Dataset extract
*** Block opens ***

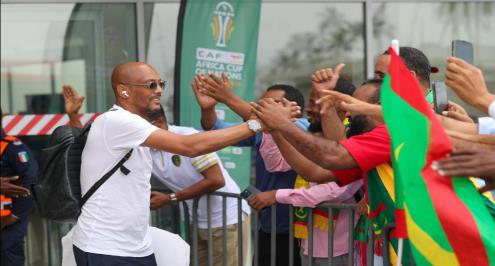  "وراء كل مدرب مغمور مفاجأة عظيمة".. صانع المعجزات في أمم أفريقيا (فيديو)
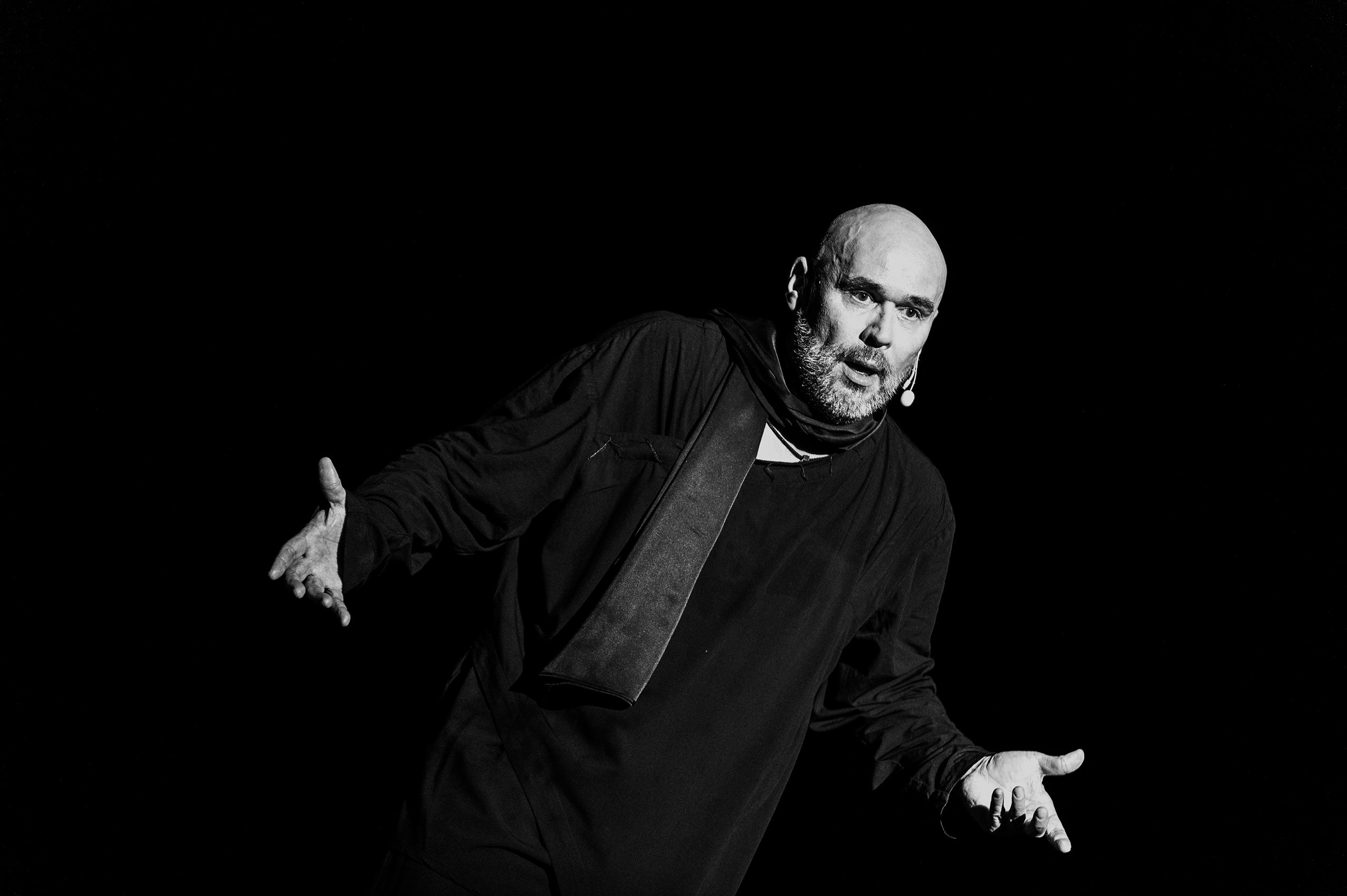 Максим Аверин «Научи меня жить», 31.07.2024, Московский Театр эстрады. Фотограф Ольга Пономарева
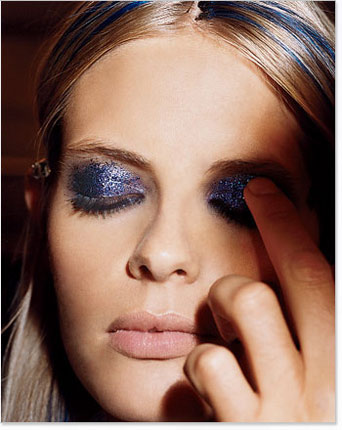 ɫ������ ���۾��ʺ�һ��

*** Block closes ***

Required action
Reproduce every line above as written, skipping pictures.

Finished task
  "وراء كل مدرب مغمور مفاجأة عظيمة".. صانع المعجزات في أمم أفريقيا (فيديو)
 Максим Аверин «Научи меня жить», 31.07.2024, Московский Театр эстрады. Фотограф Ольга Пономарева
 ɫ������ ���۾��ʺ�һ��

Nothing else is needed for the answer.